=== Section Start ===
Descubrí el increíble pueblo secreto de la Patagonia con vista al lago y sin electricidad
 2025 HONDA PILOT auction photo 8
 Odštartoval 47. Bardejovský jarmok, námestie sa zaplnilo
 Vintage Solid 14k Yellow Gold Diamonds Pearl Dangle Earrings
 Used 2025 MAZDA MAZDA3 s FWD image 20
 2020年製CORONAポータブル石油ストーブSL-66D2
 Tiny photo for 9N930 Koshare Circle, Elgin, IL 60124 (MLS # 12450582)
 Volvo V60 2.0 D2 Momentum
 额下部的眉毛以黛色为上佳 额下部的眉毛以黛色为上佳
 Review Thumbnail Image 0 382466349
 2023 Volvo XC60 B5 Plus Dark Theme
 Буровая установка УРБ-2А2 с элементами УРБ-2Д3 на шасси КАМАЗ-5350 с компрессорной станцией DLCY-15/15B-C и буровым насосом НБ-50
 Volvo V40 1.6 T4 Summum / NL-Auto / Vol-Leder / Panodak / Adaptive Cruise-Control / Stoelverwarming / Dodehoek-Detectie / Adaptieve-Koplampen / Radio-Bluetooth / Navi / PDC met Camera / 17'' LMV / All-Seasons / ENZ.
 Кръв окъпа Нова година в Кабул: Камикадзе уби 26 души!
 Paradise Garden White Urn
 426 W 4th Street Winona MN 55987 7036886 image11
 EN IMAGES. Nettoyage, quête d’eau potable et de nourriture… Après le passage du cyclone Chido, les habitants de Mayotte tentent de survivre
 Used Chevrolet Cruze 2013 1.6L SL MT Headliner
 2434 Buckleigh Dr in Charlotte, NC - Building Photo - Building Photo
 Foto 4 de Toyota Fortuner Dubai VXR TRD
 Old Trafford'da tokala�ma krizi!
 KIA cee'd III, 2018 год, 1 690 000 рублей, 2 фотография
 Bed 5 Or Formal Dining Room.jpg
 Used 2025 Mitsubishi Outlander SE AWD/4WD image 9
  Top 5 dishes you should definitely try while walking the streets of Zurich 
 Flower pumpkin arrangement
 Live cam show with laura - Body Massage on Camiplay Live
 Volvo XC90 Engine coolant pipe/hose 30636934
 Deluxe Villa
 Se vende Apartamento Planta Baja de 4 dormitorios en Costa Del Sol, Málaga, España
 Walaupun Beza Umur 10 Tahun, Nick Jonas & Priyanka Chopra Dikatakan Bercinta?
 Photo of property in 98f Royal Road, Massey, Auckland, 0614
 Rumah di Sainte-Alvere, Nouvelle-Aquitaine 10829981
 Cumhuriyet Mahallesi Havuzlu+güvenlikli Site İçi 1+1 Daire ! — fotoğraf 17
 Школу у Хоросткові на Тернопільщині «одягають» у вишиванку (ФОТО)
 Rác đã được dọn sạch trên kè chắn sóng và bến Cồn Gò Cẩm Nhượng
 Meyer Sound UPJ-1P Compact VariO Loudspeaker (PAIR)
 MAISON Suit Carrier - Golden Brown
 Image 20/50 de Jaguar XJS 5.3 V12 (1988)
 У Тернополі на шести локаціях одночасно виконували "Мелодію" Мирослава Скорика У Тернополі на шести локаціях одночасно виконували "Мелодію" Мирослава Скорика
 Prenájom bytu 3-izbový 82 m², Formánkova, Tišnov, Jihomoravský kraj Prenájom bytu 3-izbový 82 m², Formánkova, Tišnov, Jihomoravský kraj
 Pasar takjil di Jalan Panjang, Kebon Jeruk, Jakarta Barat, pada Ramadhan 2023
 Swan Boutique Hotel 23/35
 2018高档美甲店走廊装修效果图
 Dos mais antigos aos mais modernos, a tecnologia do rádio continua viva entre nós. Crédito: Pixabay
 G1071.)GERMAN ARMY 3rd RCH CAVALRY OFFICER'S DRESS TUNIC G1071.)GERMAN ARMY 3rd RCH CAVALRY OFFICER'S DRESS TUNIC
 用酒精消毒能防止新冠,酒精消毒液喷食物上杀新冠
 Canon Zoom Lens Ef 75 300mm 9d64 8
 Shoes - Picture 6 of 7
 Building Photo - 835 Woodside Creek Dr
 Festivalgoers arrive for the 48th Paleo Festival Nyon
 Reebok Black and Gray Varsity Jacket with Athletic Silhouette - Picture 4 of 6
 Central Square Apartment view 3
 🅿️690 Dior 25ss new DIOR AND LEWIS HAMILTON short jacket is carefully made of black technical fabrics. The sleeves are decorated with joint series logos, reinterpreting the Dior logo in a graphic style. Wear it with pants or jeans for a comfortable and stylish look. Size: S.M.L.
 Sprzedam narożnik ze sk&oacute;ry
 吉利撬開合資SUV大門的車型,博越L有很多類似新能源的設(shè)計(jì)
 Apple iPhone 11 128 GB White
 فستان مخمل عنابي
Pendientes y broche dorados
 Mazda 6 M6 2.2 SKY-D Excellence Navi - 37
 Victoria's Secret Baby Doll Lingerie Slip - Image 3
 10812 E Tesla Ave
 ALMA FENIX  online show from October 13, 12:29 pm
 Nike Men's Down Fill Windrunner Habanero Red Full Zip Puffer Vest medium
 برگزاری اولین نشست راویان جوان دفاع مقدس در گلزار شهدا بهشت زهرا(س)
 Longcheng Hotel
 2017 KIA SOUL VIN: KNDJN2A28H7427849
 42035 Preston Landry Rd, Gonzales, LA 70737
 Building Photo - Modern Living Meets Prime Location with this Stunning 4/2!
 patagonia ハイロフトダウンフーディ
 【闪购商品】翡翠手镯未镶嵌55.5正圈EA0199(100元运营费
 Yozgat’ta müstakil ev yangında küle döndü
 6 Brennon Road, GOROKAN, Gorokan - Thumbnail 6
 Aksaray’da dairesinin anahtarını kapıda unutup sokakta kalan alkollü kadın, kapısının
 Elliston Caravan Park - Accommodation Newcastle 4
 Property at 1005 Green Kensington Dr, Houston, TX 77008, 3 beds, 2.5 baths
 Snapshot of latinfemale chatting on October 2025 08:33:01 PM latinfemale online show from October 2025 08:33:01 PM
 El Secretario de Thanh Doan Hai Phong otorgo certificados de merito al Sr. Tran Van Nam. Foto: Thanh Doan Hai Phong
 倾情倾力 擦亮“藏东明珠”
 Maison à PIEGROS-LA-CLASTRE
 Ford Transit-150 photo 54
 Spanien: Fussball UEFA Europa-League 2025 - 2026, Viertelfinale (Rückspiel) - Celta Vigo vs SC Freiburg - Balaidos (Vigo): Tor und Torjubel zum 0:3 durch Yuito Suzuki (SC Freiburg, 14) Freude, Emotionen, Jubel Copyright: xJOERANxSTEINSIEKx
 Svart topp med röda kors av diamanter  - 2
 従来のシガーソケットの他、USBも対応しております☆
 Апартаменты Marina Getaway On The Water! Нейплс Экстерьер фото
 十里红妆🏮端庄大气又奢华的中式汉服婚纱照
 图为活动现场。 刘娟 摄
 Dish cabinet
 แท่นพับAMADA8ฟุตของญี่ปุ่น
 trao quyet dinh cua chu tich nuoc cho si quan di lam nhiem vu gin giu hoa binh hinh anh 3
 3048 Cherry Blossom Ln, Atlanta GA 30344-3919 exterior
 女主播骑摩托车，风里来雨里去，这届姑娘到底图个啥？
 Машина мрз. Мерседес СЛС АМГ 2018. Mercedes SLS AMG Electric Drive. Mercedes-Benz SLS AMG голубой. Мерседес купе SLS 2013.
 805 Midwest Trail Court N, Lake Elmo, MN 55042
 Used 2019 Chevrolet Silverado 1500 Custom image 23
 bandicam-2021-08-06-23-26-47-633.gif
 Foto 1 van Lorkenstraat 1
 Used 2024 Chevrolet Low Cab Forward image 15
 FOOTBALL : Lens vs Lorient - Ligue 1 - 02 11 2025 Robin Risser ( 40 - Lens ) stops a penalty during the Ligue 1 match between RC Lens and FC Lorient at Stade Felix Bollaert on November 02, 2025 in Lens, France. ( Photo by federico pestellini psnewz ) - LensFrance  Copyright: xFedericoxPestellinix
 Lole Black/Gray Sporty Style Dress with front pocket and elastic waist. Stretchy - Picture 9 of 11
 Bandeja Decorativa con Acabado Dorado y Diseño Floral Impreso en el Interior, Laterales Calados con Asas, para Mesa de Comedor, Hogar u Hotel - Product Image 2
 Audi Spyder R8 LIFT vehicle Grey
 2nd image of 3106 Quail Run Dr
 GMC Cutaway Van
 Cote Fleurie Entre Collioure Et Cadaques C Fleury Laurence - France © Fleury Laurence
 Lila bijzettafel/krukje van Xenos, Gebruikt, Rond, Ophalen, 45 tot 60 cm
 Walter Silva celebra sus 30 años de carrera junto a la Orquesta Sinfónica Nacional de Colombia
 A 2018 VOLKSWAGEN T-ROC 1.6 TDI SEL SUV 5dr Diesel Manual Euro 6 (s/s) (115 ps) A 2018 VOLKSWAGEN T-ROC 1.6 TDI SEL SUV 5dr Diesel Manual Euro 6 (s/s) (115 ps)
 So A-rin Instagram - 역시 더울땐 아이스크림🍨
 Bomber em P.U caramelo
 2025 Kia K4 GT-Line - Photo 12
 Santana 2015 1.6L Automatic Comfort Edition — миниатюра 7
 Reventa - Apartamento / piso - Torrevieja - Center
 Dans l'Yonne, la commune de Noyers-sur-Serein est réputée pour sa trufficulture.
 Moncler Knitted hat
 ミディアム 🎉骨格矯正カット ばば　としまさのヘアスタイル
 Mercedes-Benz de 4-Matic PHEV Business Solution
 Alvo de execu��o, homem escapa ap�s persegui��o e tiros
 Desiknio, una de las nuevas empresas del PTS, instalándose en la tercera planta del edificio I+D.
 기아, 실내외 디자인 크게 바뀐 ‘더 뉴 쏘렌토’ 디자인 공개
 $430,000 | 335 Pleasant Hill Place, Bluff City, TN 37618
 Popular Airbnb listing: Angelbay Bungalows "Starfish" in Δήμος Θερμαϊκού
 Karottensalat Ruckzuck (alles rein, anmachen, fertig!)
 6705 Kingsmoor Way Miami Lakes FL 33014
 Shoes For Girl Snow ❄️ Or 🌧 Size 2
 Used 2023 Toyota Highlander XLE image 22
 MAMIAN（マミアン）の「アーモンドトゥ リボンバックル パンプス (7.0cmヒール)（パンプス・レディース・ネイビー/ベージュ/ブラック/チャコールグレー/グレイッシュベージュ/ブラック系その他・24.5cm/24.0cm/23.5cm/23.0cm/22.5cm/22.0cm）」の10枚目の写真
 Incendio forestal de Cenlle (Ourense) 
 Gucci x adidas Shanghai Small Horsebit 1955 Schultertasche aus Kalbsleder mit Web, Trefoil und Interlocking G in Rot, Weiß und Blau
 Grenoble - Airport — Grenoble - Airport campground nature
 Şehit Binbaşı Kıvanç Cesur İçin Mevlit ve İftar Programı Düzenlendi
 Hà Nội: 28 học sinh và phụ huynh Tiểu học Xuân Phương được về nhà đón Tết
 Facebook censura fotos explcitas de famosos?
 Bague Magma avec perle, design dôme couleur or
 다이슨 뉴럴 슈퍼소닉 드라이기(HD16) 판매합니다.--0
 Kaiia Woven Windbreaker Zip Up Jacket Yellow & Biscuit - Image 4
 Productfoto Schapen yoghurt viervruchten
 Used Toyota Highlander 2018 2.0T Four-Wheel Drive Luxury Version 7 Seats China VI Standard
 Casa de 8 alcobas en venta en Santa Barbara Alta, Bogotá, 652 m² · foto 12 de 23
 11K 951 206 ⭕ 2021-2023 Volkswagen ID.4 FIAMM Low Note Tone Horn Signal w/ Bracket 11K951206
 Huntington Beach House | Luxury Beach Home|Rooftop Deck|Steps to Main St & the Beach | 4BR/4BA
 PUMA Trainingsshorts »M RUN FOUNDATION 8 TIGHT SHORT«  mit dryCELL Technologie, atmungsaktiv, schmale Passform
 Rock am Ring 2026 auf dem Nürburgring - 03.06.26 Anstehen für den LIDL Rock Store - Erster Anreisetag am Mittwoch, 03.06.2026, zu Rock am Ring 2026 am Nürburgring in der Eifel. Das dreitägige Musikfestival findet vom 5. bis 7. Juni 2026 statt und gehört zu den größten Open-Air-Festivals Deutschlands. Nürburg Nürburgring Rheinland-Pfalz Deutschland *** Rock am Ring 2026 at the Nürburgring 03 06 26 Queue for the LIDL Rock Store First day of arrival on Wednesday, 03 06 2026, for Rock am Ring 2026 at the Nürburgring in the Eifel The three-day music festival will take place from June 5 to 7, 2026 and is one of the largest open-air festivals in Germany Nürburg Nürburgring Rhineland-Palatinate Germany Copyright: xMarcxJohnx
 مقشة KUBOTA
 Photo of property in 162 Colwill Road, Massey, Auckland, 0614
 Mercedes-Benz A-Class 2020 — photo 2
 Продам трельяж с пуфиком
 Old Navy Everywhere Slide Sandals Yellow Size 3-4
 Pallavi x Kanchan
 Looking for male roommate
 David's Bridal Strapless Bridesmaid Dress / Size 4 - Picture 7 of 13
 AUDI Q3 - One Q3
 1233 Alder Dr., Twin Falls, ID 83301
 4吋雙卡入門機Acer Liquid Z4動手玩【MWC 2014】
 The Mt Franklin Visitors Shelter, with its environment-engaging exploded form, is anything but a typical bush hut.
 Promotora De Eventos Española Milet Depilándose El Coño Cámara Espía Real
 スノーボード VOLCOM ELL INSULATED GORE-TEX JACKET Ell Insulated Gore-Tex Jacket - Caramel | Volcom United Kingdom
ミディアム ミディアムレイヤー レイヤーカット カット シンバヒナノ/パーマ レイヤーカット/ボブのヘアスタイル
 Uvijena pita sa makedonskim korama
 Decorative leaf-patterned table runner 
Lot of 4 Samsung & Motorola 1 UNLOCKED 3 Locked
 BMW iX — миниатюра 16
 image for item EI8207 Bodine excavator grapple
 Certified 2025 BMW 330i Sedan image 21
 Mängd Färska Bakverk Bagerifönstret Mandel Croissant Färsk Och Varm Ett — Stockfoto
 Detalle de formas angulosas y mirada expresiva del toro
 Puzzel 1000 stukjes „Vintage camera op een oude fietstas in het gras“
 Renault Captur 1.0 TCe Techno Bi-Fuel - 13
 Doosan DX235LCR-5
=== Section End ===
*YOUR INSTRUCTIONS*. Using the entries above, return each line in which the word "được" occurs.

*YOUR RESPONSE*.
 Rác đã được dọn sạch trên kè chắn sóng và bến Cồn Gò Cẩm Nhượng
 Hà Nội: 28 học sinh và phụ huynh Tiểu học Xuân Phương được về nhà đón Tết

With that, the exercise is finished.